------ Stored data ------
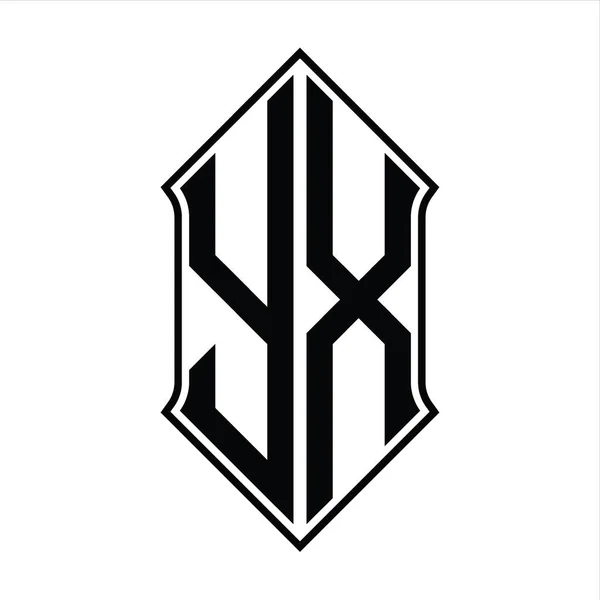 Logo Monogram Shieldshape Black Outline Design Template Vector Icon Abstract — Stock Vector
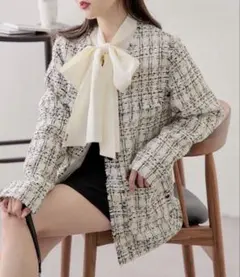 【新品】【最安値】Chico袖取り外しツイードジャケット　アイボリー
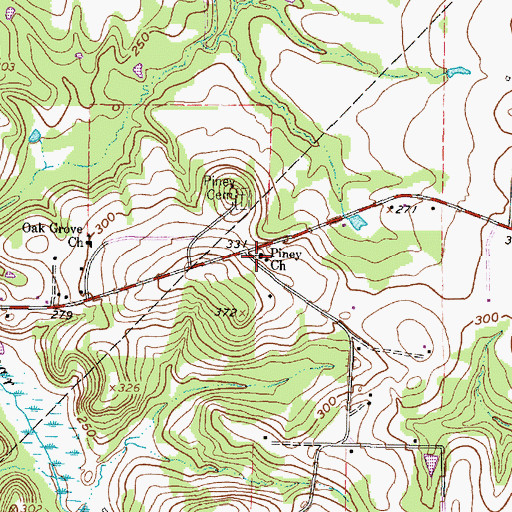 Topographic Map of Piney Church, TX
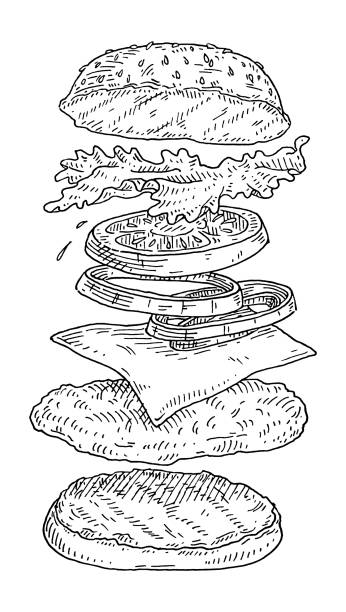 ilustrações de stock, clip art, desenhos animados e ícones de burger with flying ingredients on white background. black vintage engraving - food elegance cutlet restaurant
------
> **Exercise description**
Take the lines from the start of the material to the line with "Topographic Map of Piney Church, TX", both included, and transcribe them exactly without the pictures.

> **Response**
 Logo Monogram Shieldshape Black Outline Design Template Vector Icon Abstract — Stock Vector
 【新品】【最安値】Chico袖取り外しツイードジャケット　アイボリー
 Topographic Map of Piney Church, TX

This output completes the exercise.